◆ WORK ORDER ◆
Pictures excluded, please transcribe exactly the lines from the one with "A-Line Spaghetti Straps" through the end of the records below, and nothing more.

[Short web captions]
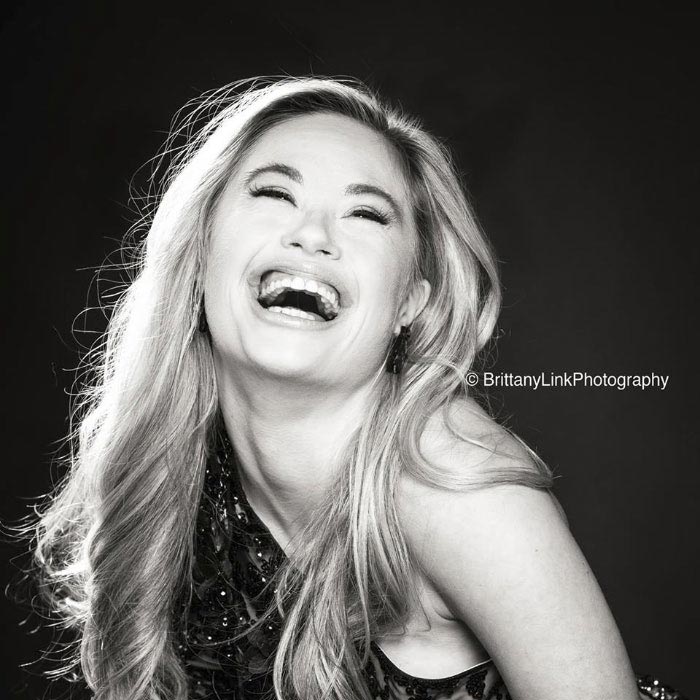 Микайлы Холмгрен, Mikayla Holmgren, первая женщина с синдромом Дауна ставшая победительницей на конкурсе красоты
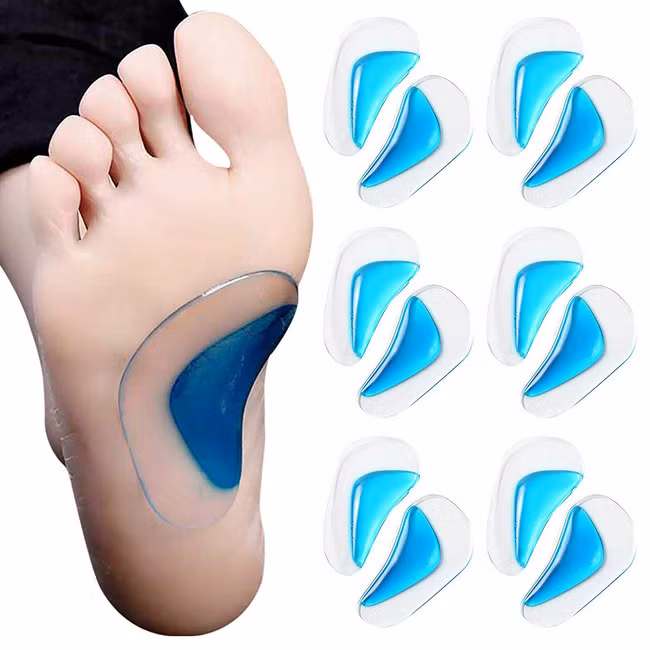 Khi các mỹ nhân trời Tây diện giày cao gót rộng ngoác: Không phải lớ ngớ vớ sai giày, mà là một chiêu bài tuyệt hay - Ảnh 6. Khi các mỹ nhân trời Tây diện giày cao gót rộng ngoác: Không phải lớ ngớ vớ sai giày, mà là một chiêu bài tuyệt hay - Ảnh 6.
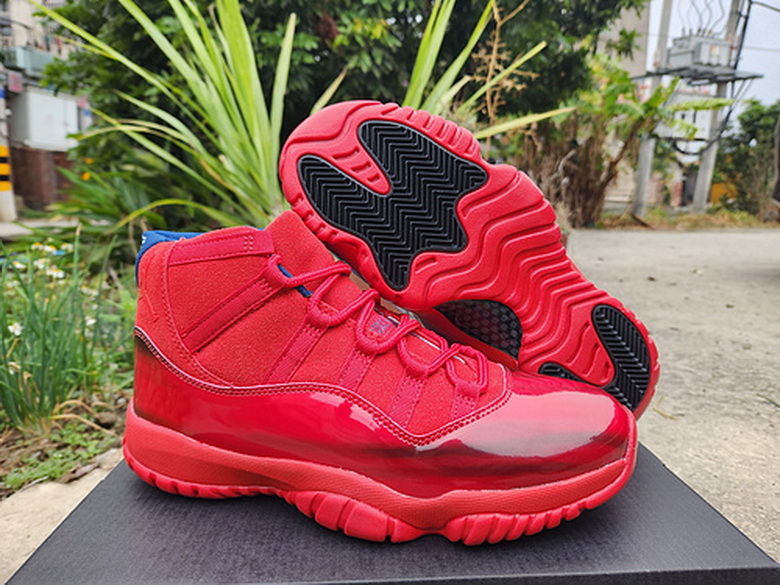 Air Jordan 11 Retro-011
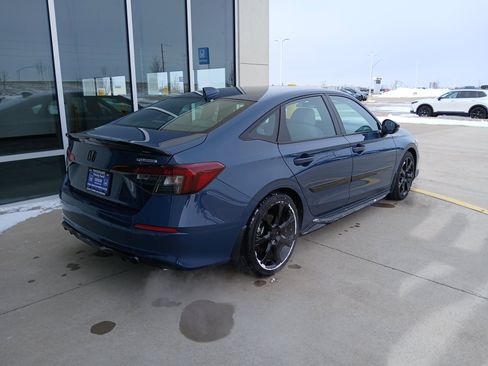 Used 2025 Honda Civic Sport image 7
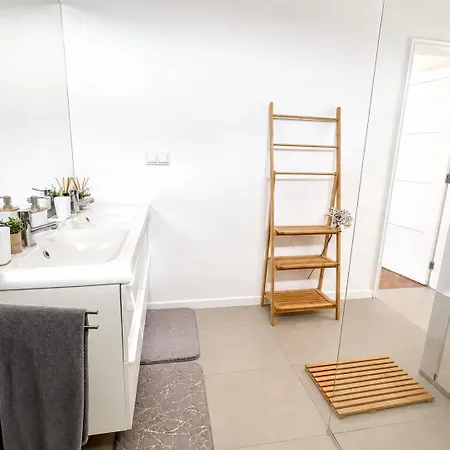 The Luzia House - Sunny 4br With Gardens, Terraces, Ac, On-site Parking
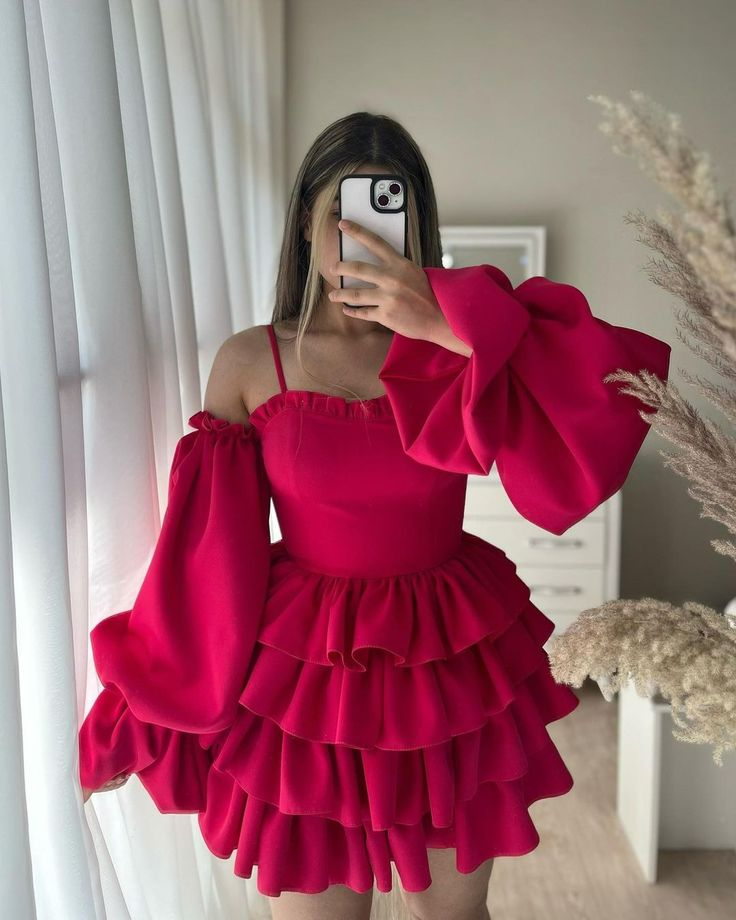 A-Line Spaghetti Straps Tiered Homecoming Dress - FashionDia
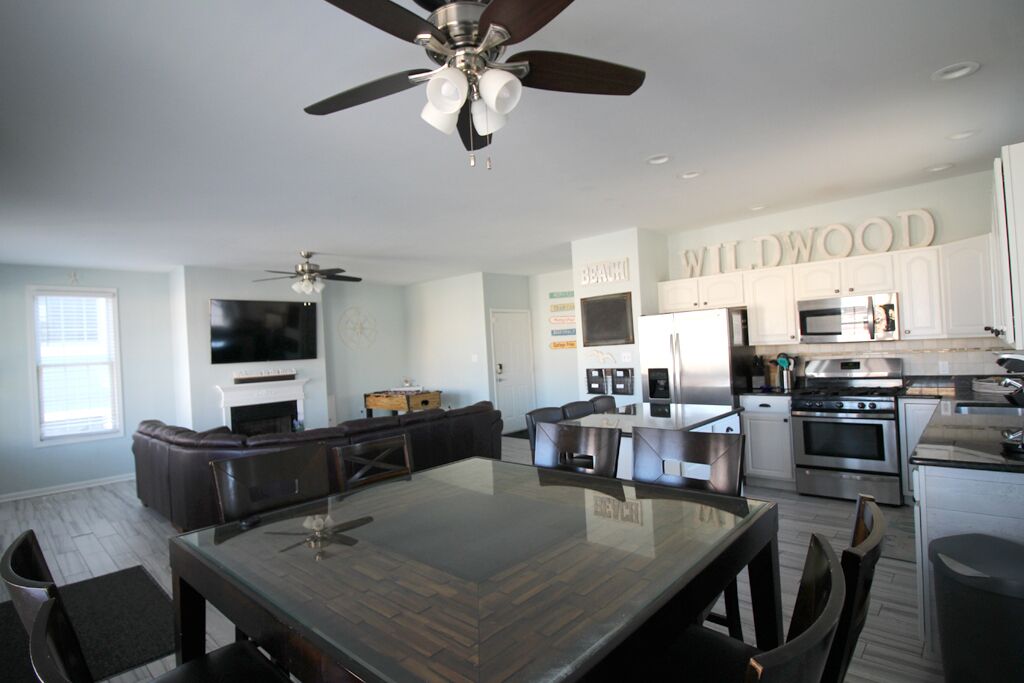 4 Bedroom 2 Bath Condo 2 Blocks from Beach and Boards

◆ ANSWER SECTION ◆
 A-Line Spaghetti Straps Tiered Homecoming Dress - FashionDia
 4 Bedroom 2 Bath Condo 2 Blocks from Beach and Boards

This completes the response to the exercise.